Corneliu was the leader of the Greater Romania Party (Partidul România Mare), poet, writer, journalist and a Member of the European Parliament.

He was a Romanian Senator from 1992 to 2008.

Corneliu began as a writer and poet and penned verses flattering Ceausescu.

After communism collapsed, he founded the nationalist Greater Romania Party and the Greater Romania weekly, a publication which in its heyday in the early 1990s had a circulation of hundreds of thousands.

He wrote disparaging articles about Jews, Hungarians, Roma and liberal-minded Romanians.

Corneliu was a lawmaker in the European Parliament from 2009 to 2014.

In a 2012 television interview, he denied the Holocaust took place in Romania.

During World War II, hundreds of thousands of Jews were killed in Romania and areas it controlled as an ally of Nazi Germany.

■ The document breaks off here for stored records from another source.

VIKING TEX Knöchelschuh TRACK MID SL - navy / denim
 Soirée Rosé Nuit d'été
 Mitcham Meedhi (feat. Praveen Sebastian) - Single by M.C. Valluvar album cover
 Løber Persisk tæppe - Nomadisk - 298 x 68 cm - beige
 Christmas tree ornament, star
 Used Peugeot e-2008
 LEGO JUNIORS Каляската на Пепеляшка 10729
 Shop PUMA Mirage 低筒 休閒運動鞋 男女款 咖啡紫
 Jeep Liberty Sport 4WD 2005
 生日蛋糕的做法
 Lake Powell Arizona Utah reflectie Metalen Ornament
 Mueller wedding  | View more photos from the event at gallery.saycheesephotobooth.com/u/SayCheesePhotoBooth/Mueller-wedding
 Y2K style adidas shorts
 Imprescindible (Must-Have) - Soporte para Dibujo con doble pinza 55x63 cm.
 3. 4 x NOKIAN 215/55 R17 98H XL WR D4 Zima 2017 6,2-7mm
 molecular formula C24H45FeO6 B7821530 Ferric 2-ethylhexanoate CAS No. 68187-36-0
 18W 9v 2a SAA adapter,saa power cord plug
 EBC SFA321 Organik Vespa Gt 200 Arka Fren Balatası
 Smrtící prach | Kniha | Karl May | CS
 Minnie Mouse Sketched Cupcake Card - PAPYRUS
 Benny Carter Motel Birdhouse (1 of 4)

Romania only began to commemorate the Holocaust in 2004.

He surprisingly reached the runoffs of the 2000 presidential race, which he lost to Ion Iliescu, who was elected president for a third time.

Iliescu praised him as “a man of culture” who loved his country and said he should not be judged “superficially.”

Corneliu wrote more than one dozen books and was also known for his flamboyant style of dressing, wit, ready insults and love of stray dogs.

He was often cut off by television presenters because of his over-the-top remarks.

Corneliu was the only politician to say he believed that Romania had housed CIA secret prisons.

Corneliu Vadim Tudor died at age 65 on September 14, 2015.